The ecology of wealth

What is a man to do with a “main palace” of 420 rooms, a customized Boeing 747 jumbo jet for his exclusive use, a private zoo and amusement park, and a stash of $700 million in jewels? This is the dilemma facing Prince Alwaleed, whose $20 billion in assets gets him ranked by Forbes magazine as the richest person in Saudi Arabia, according to George Monbiot's article in Guardian Weekly.

But wealth has not been easy for Prince Alwaleed. For 25 years, according to an article about him in Forbes, he has been “lobbying, cajoling and threatening when it comes to his net worth listing.” In 2006 he believed that Forbes had undervalued his worth by $7 billion. So he hounded the magazine's researcher for days, pleading with him to change the evaluation. “What do you want?”, he tearfully asked, while offering access to his Swiss banker. “Tell me what you need?”

A diamond-encrusted Mercedes owned by Prince Alwaleed

What Prince Alwaleed needs is not wealth but status. The Forbes list of the global rich is his measure of “success” and “stature”. Or, as the American industrialist and billionaire H.L. Hunt once explained, “Money is just a way of keeping score”.

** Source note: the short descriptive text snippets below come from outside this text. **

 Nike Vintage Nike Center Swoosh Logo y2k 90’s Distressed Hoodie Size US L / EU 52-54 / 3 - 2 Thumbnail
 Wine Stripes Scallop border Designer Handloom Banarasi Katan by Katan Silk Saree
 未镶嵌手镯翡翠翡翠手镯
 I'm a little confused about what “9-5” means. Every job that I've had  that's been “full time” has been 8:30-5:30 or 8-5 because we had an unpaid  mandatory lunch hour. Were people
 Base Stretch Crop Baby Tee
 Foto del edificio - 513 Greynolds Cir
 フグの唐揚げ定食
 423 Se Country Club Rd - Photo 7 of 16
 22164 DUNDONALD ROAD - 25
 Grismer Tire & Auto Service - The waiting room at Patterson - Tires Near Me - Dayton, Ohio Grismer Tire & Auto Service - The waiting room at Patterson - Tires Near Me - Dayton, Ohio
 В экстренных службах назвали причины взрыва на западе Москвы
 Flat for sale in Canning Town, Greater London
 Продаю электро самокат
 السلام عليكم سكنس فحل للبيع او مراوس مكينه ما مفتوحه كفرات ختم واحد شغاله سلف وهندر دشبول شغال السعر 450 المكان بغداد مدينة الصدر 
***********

This is why the ultra-rich aspire to get even richer. When they already have more money than they can possibly spend in a lifetime, their wealth, as Monbiot insightfully explains, takes on the value of “prestige, power, purpose”. 

This is why CEOs manoeuvre hundreds of millions in compensation from corporations, banks and investment companies, even when their leadership causes financial losses. And this is why the ultra-rich lobby politicians manipulate public policy, alter taxation regimes, hide their money in offshore accounts and pressure governments to design budgets for their benefit.

The effect is a gradual dismantling of the social contract, the unspoken agreement of fairness that requires the wealth in a society to raise the wellbeing of everyone, not just a few. As the rich get richer and the poor get poorer, the common understanding that once guaranteed a judicious distribution of wealth throughout society, is gradually being lost.

The fallacy of fiscal restraint for macroeconomics

 Dr. Christopher Ragan, a professor of macroeconomics at McGill University for 24 years, has some helpful comments to make on this subject. The logic of microeconomics that applies to individuals, he explains in The Globe and Mail, does not apply to the macroeconomics that operate at national scales.